» Source material
────

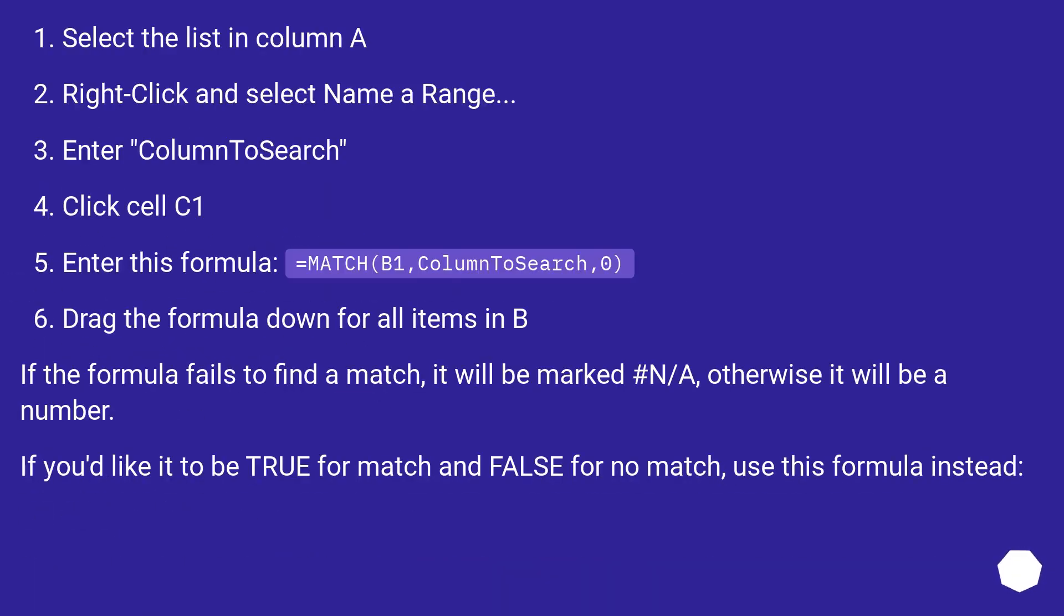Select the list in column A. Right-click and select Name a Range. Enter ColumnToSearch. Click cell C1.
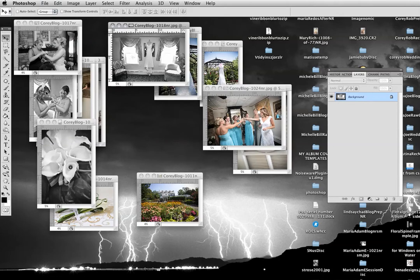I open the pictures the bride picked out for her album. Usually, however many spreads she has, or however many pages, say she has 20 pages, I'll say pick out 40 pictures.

────

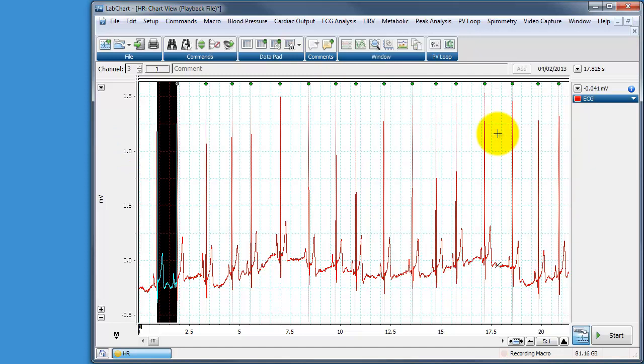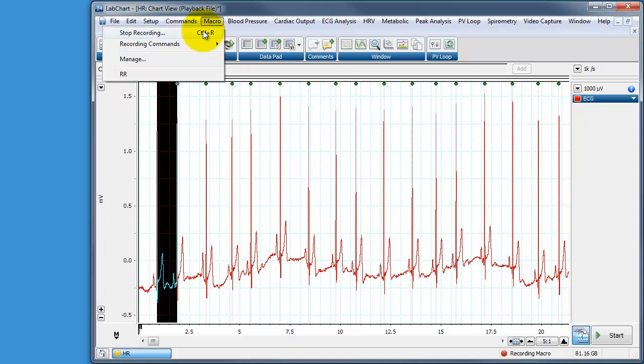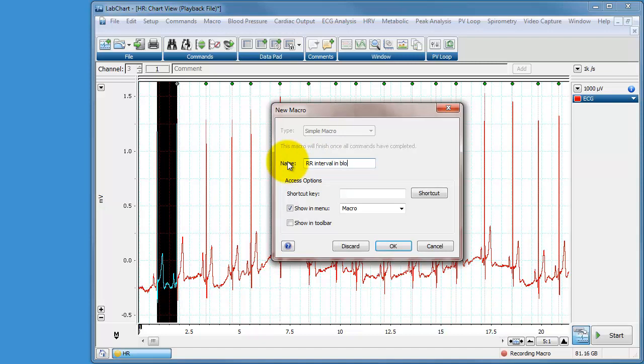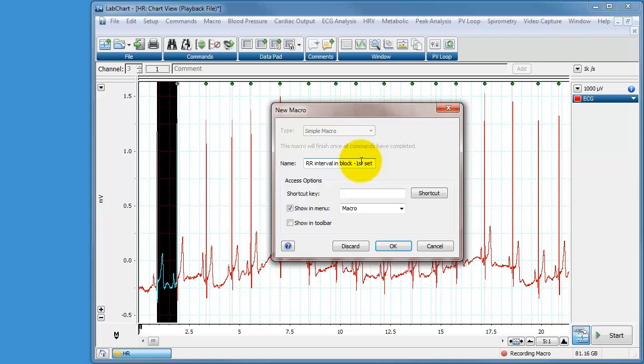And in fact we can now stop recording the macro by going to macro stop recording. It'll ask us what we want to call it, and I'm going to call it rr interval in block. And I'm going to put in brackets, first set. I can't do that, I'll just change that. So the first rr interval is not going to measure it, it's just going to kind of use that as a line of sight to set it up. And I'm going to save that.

────

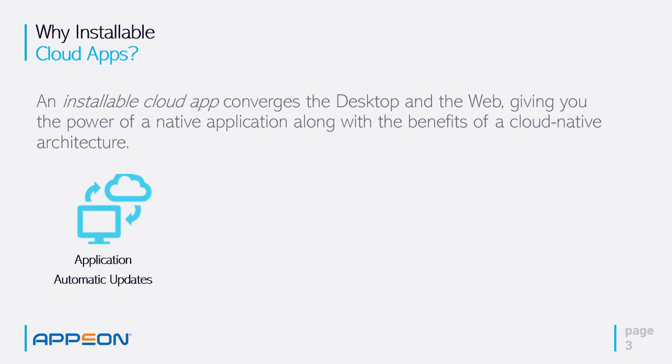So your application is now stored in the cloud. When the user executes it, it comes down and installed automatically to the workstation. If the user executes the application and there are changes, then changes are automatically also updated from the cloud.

────

» Exercise directions
Exact repeat of the material above: every line from the one with "Select the list" through the one with "I open the pictures", endpoints included, and nothing more. No pictures.

» The answer
Select the list in column A. Right-click and select Name a Range. Enter ColumnToSearch. Click cell C1.
I open the pictures the bride picked out for her album. Usually, however many spreads she has, or however many pages, say she has 20 pages, I'll say pick out 40 pictures.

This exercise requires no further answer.